■ Data section:
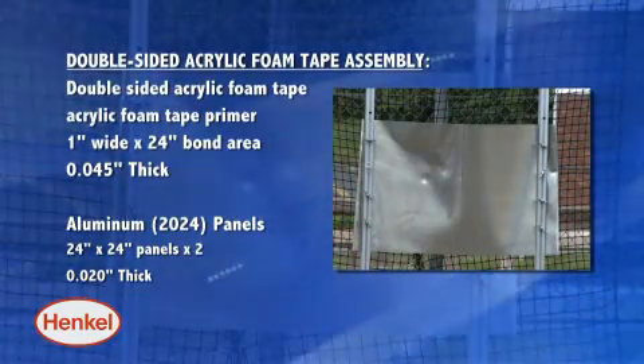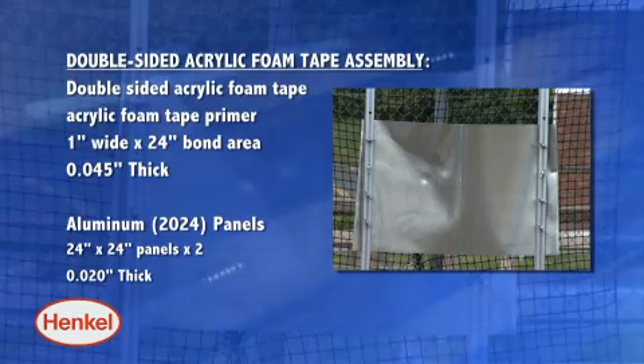Next, we tested the impact strength of aluminum panels assembled with double-sided acrylic foam tape.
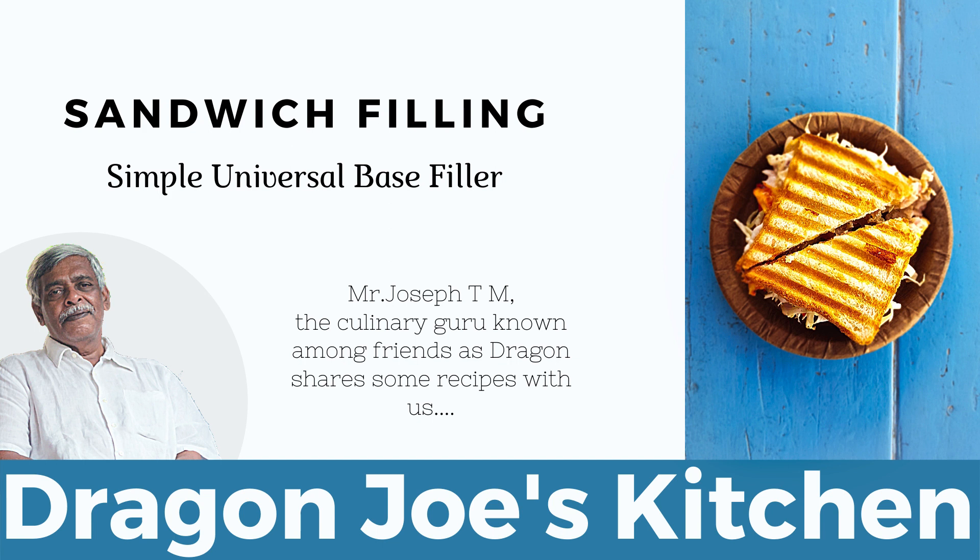So that was a very simple sandwich filler recipe. Do try it out. And if you're interested in other such simple recipes, please write down the same in the comments below.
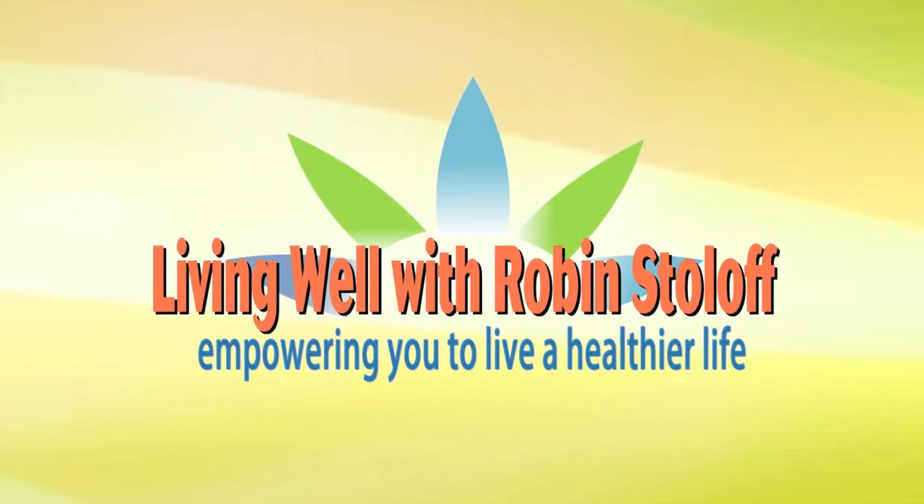All right, great information about the Pilates reformer. Again, we'll post pictures and video of this on our site if you want to check it out. It's LightRock96.9.com. Thanks so much. Ann Eric of Tilton Fitness, and you're living well with Robin Stoloff on LightRock 96.9 WFPG.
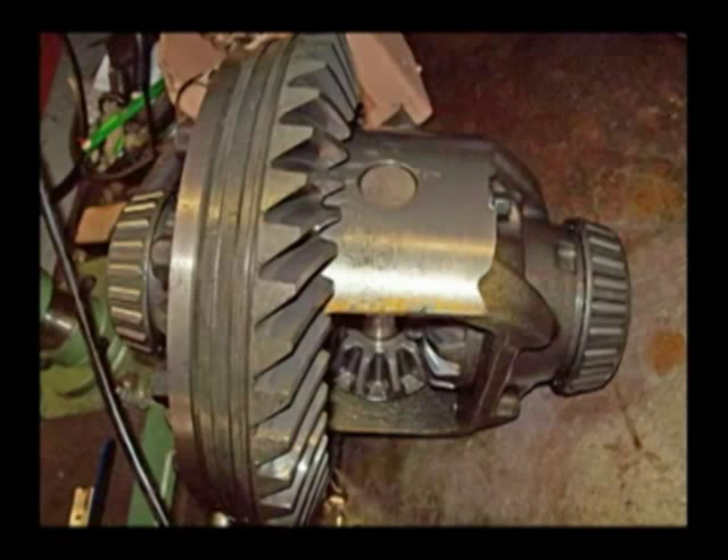This gear assembly is called the carrier gear assembly, and it has the ring gear, which is the large gear you see in the center. The small gears just to the lower right of the big gear are called spider gears, and they enable you to go around a sharp curve without the wheels dragging — letting one wheel go faster than the other. If it weren't for the spider gears, one wheel would have to slide. The carrier bearings are on both sides, left and right.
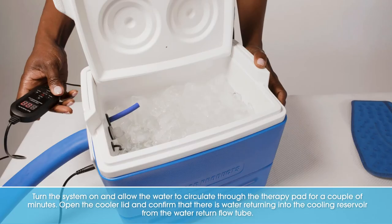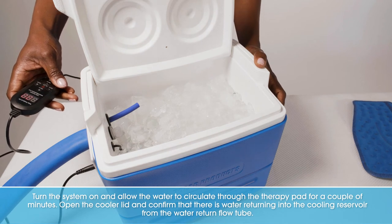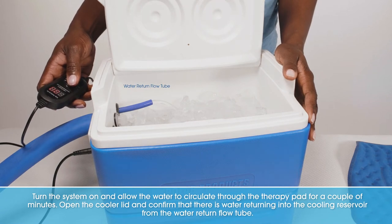Turn the system on and allow the water to circulate through the therapy pad for a couple of minutes. Open the cooler lid and confirm there is water returning into the cooling reservoir from the water return flow tube.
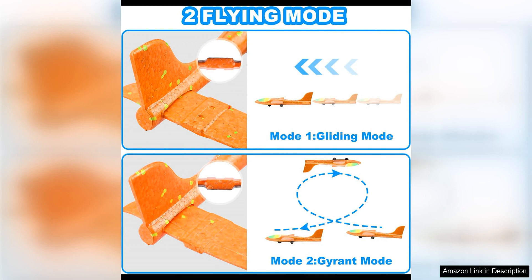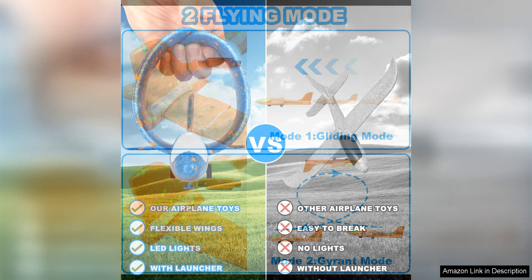The catapult launcher is easy to use and provides a satisfying launch for the planes. Kids will have a blast pulling back on the launcher and watching the plane soar through the air. The foam material of the planes ensures that they are lightweight and safe for indoor or outdoor play, making them ideal for all kinds of environments.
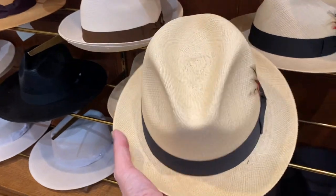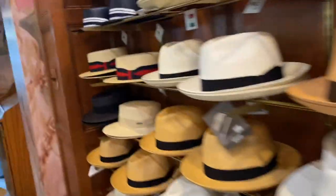The Stingy Brim — that's a center crease with a tiny little brim. One and a half to two inch brims are called Stingy Brims, generally one and a half inches. This one is more like one and seven-eighths.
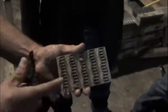Every square inch is 2,200 pounds of force — 2,200 pounds of force per square inch for each truss plate.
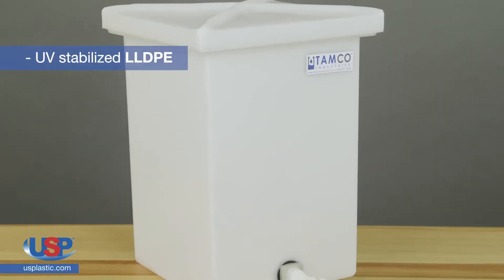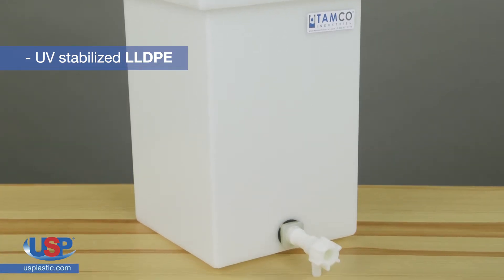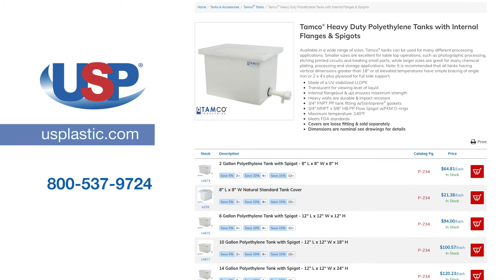These tanks are made of UV-stabilized LLDPE with a spigot and an internal flange that ensures maximum strength. The heavy walls are durable and impact-resistant. Their maximum temperature is 140 degrees Fahrenheit, and they meet FDA standards.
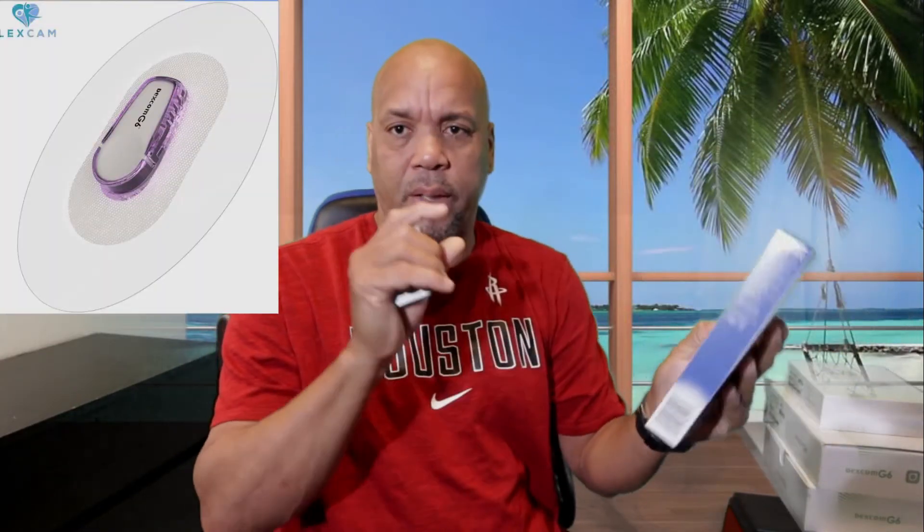Here I have some alcohol wipes — these are pretty inexpensive, this is a Walgreens brand. We're gonna make sure we have two of these. I also have some waterproof transparent dressing. I'm waiting for the ones especially made to go around the receiver to come in, but these are from 3M and they make some really good ones. I've had them on for a few days.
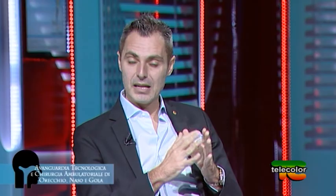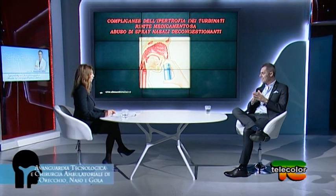Si tenga conto che mediamente in un piccolo borgo di 4.000 anime si stima circa 40 siano i pazienti che abusano di decongestionanti nella farmacia del paese. Sono numeri che devono far riflettere sull'opportunità di una consultazione precoce dallo specialista otorinolaringoiatra per porre una giusta diagnosi del sintomo naso chiuso e istituire tutti i presidi che riportino la corretta ventilazione del naso.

■ Your goal:
The material is to be written out word for word, and the pictures are to be left out.

■ Result:
Next, we tested the impact strength of aluminum panels assembled with double-sided acrylic foam tape.
So that was a very simple sandwich filler recipe. Do try it out. And if you're interested in other such simple recipes, please write down the same in the comments below.
All right, great information about the Pilates reformer. Again, we'll post pictures and video of this on our site if you want to check it out. It's LightRock96.9.com. Thanks so much. Ann Eric of Tilton Fitness, and you're living well with Robin Stoloff on LightRock 96.9 WFPG.
This gear assembly is called the carrier gear assembly, and it has the ring gear, which is the large gear you see in the center. The small gears just to the lower right of the big gear are called spider gears, and they enable you to go around a sharp curve without the wheels dragging — letting one wheel go faster than the other. If it weren't for the spider gears, one wheel would have to slide. The carrier bearings are on both sides, left and right.
Turn the system on and allow the water to circulate through the therapy pad for a couple of minutes. Open the cooler lid and confirm there is water returning into the cooling reservoir from the water return flow tube.
The catapult launcher is easy to use and provides a satisfying launch for the planes. Kids will have a blast pulling back on the launcher and watching the plane soar through the air. The foam material of the planes ensures that they are lightweight and safe for indoor or outdoor play, making them ideal for all kinds of environments.
The Stingy Brim — that's a center crease with a tiny little brim. One and a half to two inch brims are called Stingy Brims, generally one and a half inches. This one is more like one and seven-eighths.
Every square inch is 2,200 pounds of force — 2,200 pounds of force per square inch for each truss plate.
These tanks are made of UV-stabilized LLDPE with a spigot and an internal flange that ensures maximum strength. The heavy walls are durable and impact-resistant. Their maximum temperature is 140 degrees Fahrenheit, and they meet FDA standards.
Here I have some alcohol wipes — these are pretty inexpensive, this is a Walgreens brand. We're gonna make sure we have two of these. I also have some waterproof transparent dressing. I'm waiting for the ones especially made to go around the receiver to come in, but these are from 3M and they make some really good ones. I've had them on for a few days.
Si tenga conto che mediamente in un piccolo borgo di 4.000 anime si stima circa 40 siano i pazienti che abusano di decongestionanti nella farmacia del paese. Sono numeri che devono far riflettere sull'opportunità di una consultazione precoce dallo specialista otorinolaringoiatra per porre una giusta diagnosi del sintomo naso chiuso e istituire tutti i presidi che riportino la corretta ventilazione del naso.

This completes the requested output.